/ Modified sep 19, 2023 8:44 p.m.

Pima County Board of Supervisors Votes to Investigate Sheriff Nanos

The board will now decide how an investigation into the Sheriff will proceed.

sups-9-19 The Pima County Board of Supervisors sit at a meeting in Tucson, Ariz. on Tuesday, Sept. 19, 2023. From left to right: Supervisor Sharon Bronson, Supervisor Steve Christy, Supervisor Rex Scott, and Board Chair Adelita Grijalva.
Hannah Cree

The Pima County Board of Supervisors voted 3-2 to investigate Sheriff Chris Nanos’ handling of a sexual assault of a female deputy last December.

County officials say both a criminal and civil case are pending in the incident involving former Sergeant Ricardo Garcia, in which he is alleged to have sexually assaulted one of his female deputies at a Christmas party last year. Sheriff Nanos recently announced that he was suspending an internal investigation into the incident.

The motion passed 3-2, with Board Chair Adelita Grijalva and Supervisor Rex Scott voting against an investigation. The item was brought forward by Supervisor Sharon Bronson and was supported by Supervisor Matt Heinz and Supervisor Steve Christy.

Bronson asked that the vote be added to the agenda last week, saying in a memo that Nanos allegedly failed to conduct a “timely and thorough” investigation into the incident.

“Certainly the sheriff has the authority to conduct his office as he sees appropriate, I do not agree with him on this,” Bronson said at the meeting.

Fellow board member Steve Christy also expressed serious concerns over the Sheriff’s decision.

“The public is demanding this. The optics are terrible. They need to be clarified with some sort of explanation and transparency on the Sheriff’s department and the Sheriff’s part,” Christy said.
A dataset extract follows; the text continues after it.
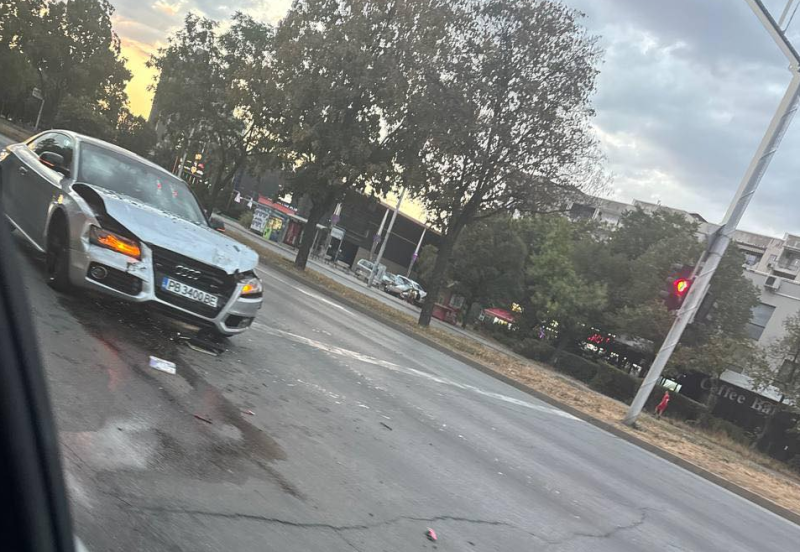 Пътен инцидент е възникнал на бул. Освобождение“ в Тракия. За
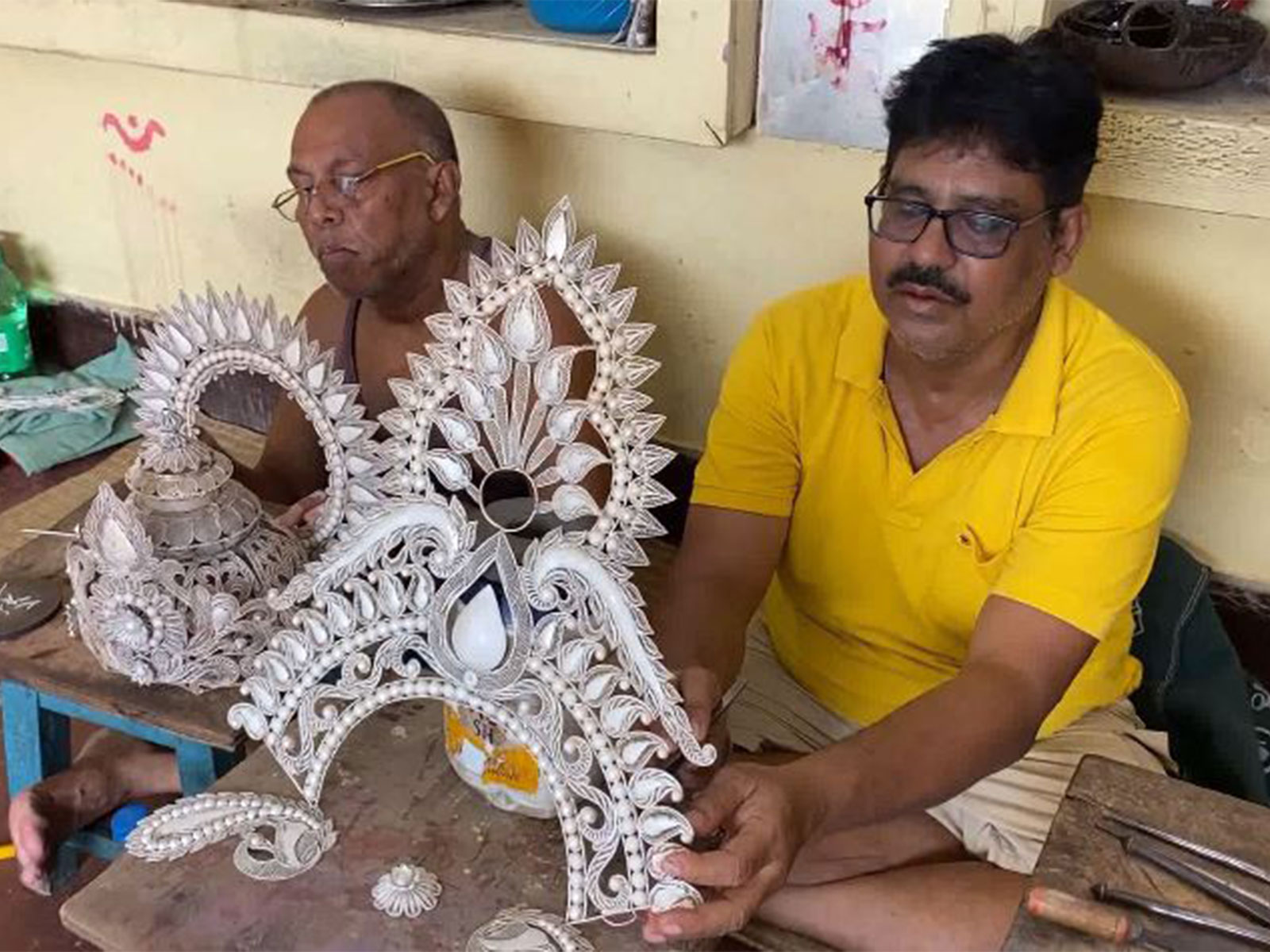 Silver filigree artisans suffering impact of rising silver prices and increased import duty (Photo/ANI)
Board Chair Adelita Grijalva and Supervisor Rex Scott voted against an investigation.

Grijalva said she understands both sides of the split board, but she agrees with Sheriff Nanos’ decision to wait until legal proceedings of the sexual assault case are concluded before opening an internal investigation.

“If we would wait until after the conclusion of both the civil and the criminal, then we’d have a clear path in information. But I understand that those supervisors who voted in favor were responding to the criticism from the community,” she said.

It is now up to the Board to decide how an investigation will proceed. The board discussed moving the investigation to both the State Attorney General’s Office and the Department of Public Safety, but exactly which institution will investigate is unclear at this time.

That decision will depend on the next move from County Administrator Jan Lescher, who is responsible for determining how the investigation moves forward.

In a statement, the Sheriff’s Department defended the decision to suspend an internal investigation until after the legal proceedings. They said they had extended support to the deputy, and rebuked the Board’s decision.

“Contrary to the opinions of some, it is not necessary to ask other agencies to investigate every time a department member is accused of a crime,” the statement said.